Chorégies d’Orange / Théâtre antique
- 9 juillet 2011
Aida, opéra de Giuseppe Verdi
© philippe gromelle

Pour fêter ses quarante ans… ou du moins les quarante ans de sa nouvelle version façon XXe siècle finissant, les Chorégies d’Orange ont ouvert leur édition 2001 avec l’un des piliers de leur répertoire, propre à occuper l’immense espace scénique planté devant le fameux mur de scène deux fois millénaire aux superbes qualités acoustiques. Avec lui, huit mille lyricophiles occupent volontiers les gradins (malgré le prix des places).

Aida, donc, encore qu’à la sortie de la première l’on aurait tendance à débaptiser l’ouvrage Amneris, tant la cantatrice – bien choisie, elle – , le mezzo-soprano russe Ekaterina Gubanova, possède les qualités vocales autant que dramatiques du rôle, faisant de ses interventions un régal pour l’oreille et la sensibilité du spectateur, avec un timbre bien posé, une émission bien conduite, des aigus sans dureté, des passages de registre sans fêlures, etc. On aimerait pourvoir en dire autant (mettons même la moitié moins seulement) d’Indra Thomas, détentrice du rôle-titre. Si la présence scénique est intacte par rapport à sa précédente prestation à Orange dans le même personnage, il y a un lustre à peine, la qualité vocale, affaiblie, lui interdit d’aborder désormais un tel rôle.

Avec le ténor Carlo Ventre, le problème est autre : au delà d’une présence scénique aussi banale que conventionnelle, la puissance vocale manque, la vaillance n’est pas sans écarts, la ductilité de la voix se fait prier, comme dans la scène finale, où l’on n’entend plus que l’orchestre, les changements de registre défient les lois du bel canto, encore présentes dans Aida, pour sombrer dans un vérisme finissant. En revanche, le baryton polonais Andrezj Dobber (Amonasro) s’avère convaincant, tout comme la basse italienne Giacomo Prestia (Ramfis), sans oublier la touchante et musicale Grande prêtresse de Ludivine Gombert. En revanche, l’on oubliera le roi Mikhaïl Kolelishvili, vocalement en fin de règne.

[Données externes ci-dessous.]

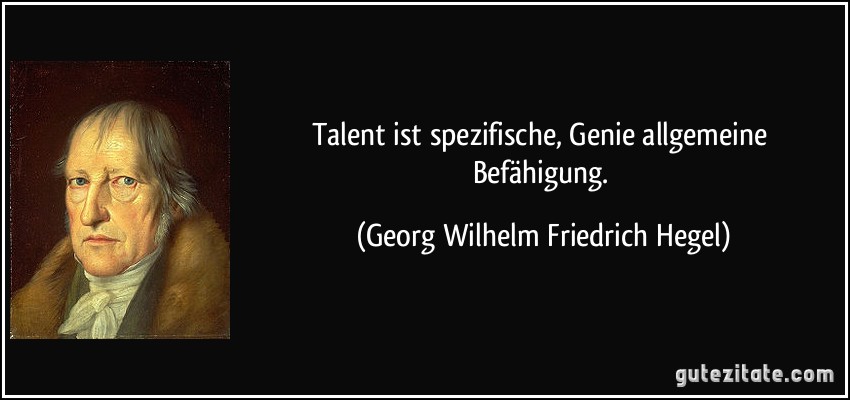 Talent ist spezifische, Genie allgemeine Befähigung. (Georg Wilhelm Friedrich Hegel)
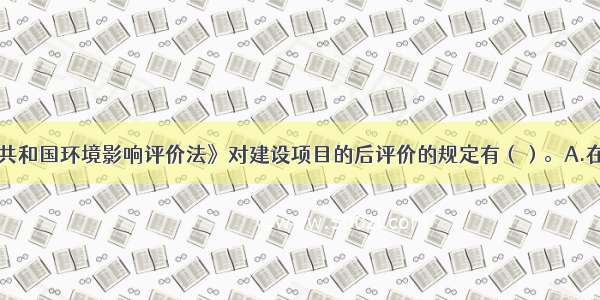 《中华人民共和国环境影响评价法》对建设项目的后评价的规定有（）。A.在项目建设 运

Du coup, frôlant la centaine, la masse chorale se révélait un des atouts du spectacle, offrant nettement plus d’homogénéité que la distribution soliste. Issue de cinq théâtres lyriques de région, solidement tenue en main, menée, guidée, elle offrait de superbes gradations sonores. Autre temps fort de cette représentation : la partie chorégraphique originale, vivace, vigoureuse, en un mot formidable, conçue et élaborée par Jean-Charles Gil. Dans une Égypte, pour une fois sortie de sa gangue « égypto-cléopâtrienne » grâce à la conception scénique de Charles Roubaud, la densité, la primitivité, la férocité de cette explosion chorégraphique ont certes dû déranger et choquer les balletomanes épris de ballet blanc bronzé à la façon « moubarakienne », même sur une musique écrit au mètre. Mais que de force ! Et quelle naïveté juvénile dans la danse des enfants qui échappe, pour une fois, aux standards habituels en la matière !

Mise en scène décalée, donc, placée dans l’Égypte du XIXe siècle conquérant, sous l’œil multiple des Britanniques et des Ottomans, où la guerre (dont il est tout de même question ici), prend une sauvagerie qu’éternisent nos XXe et XXIe siècles, multipliant les exemples. Si les éclairages d’Avi Yona Bueno sont banals, les vidéos de Nicolas Topor superfétatoires, les costumes de Katia Duflot sont bien en situation.

Reste, évidemment, la composante purement musicale développée par le jeune chef ossète Tugan Sokhiev. Côté fosse, la séduction ne contrebalançait point toujours le manque de prise en main véritable, côté scène. Dans la première composante, le chef, attentif, soigneux et précis, élabore une alchimie d’une infinie richesse, sachant travailler à merveille la belle pâte de l’Orchestre national du Capitole de Toulouse. Dans la seconde, pourtant, il garde trop souvent le nez dans la partition, n’insuffle pas assez de vie intense aux solistes, bref, ne « mouille pas sa chemise » – remarquez, les grands anciens (comme Prêtre et Plasson) sont toujours disponibles en CD.

Ajoutons que la présente aussi constante que prégnante d’une chaîne nationale de télévision où, en fin d’acte et avec ses techniciens, une jeune personne, peut-être musicologue, s’est abattue sur le maestro avec le tact que l’on imagine, a pu faire croire aux spectateurs, largement financeurs des Chorégies, qu’ils étaient là pour applaudir dans une émission tv. Qu’ils se rassurent, il n’en était rien.